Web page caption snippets
---
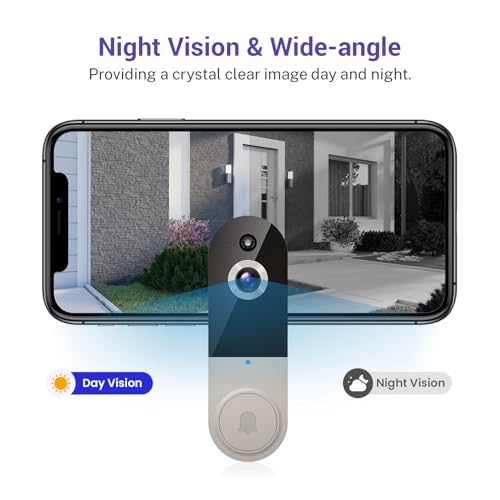 Black 1080P Wireless Video Doorbell Camera with Night Vision E3168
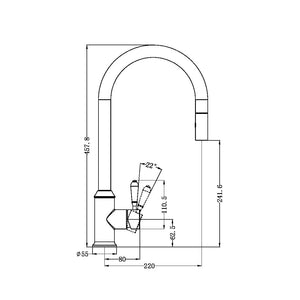 Nero Mixer Taps York Pull Out Sink Mixer With Vegie Spray Function With White Porcelain Lever Brushed Nickel (NR69210801BN)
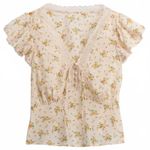 Gap Cotton Rayon Lace-Trim Floral Top NWT Yellow Floral XXL Photo 1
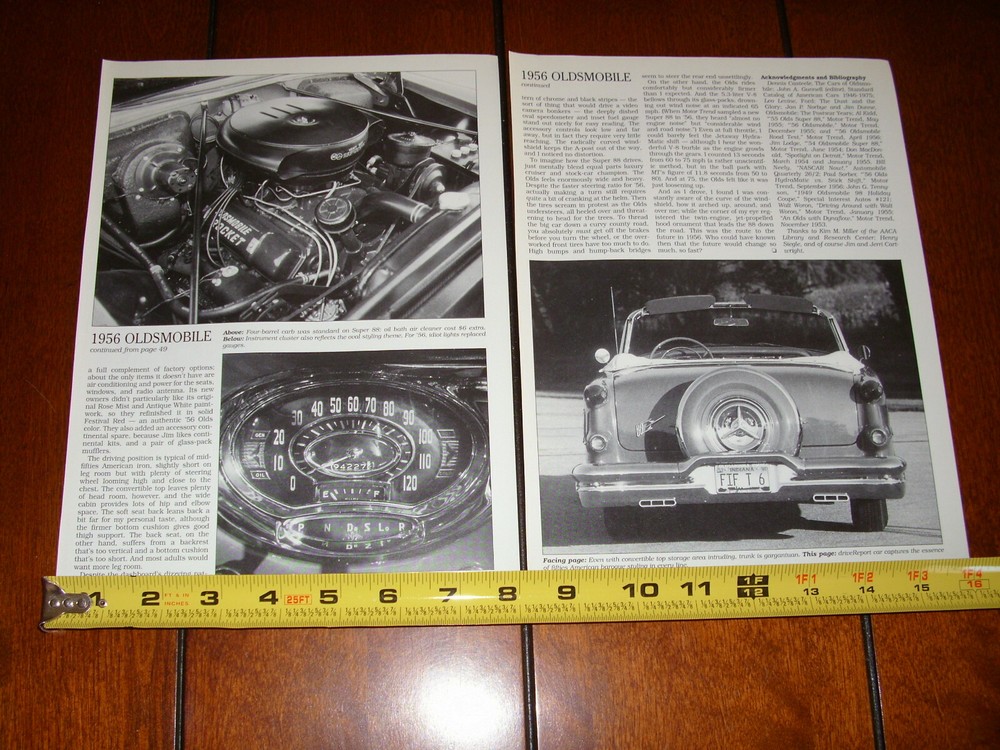 1956 OLDSMOBILE SUPER 88 CONVERTIBLE ORIGINAL 1995 ARTICLE
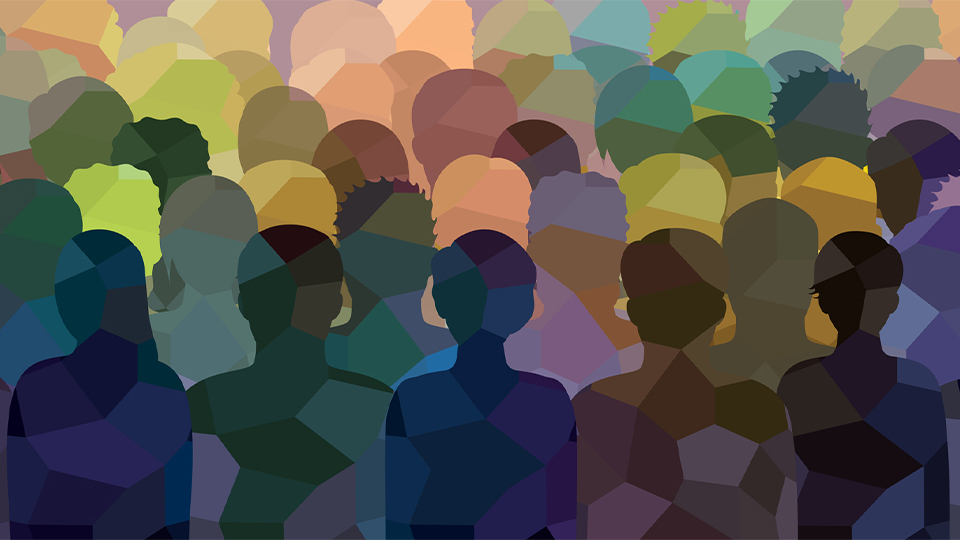Rows of colourful silhouettes giving the impression of anonymity and shared experiences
---
◆ **What this task involves**: Without the pictures, reproduce every record exactly as it appears above.

◆ **Expected answer**:
 Black 1080P Wireless Video Doorbell Camera with Night Vision E3168
 Nero Mixer Taps York Pull Out Sink Mixer With Vegie Spray Function With White Porcelain Lever Brushed Nickel (NR69210801BN)
 Gap Cotton Rayon Lace-Trim Floral Top NWT Yellow Floral XXL Photo 1
 1956 OLDSMOBILE SUPER 88 CONVERTIBLE ORIGINAL 1995 ARTICLE
Rows of colourful silhouettes giving the impression of anonymity and shared experiences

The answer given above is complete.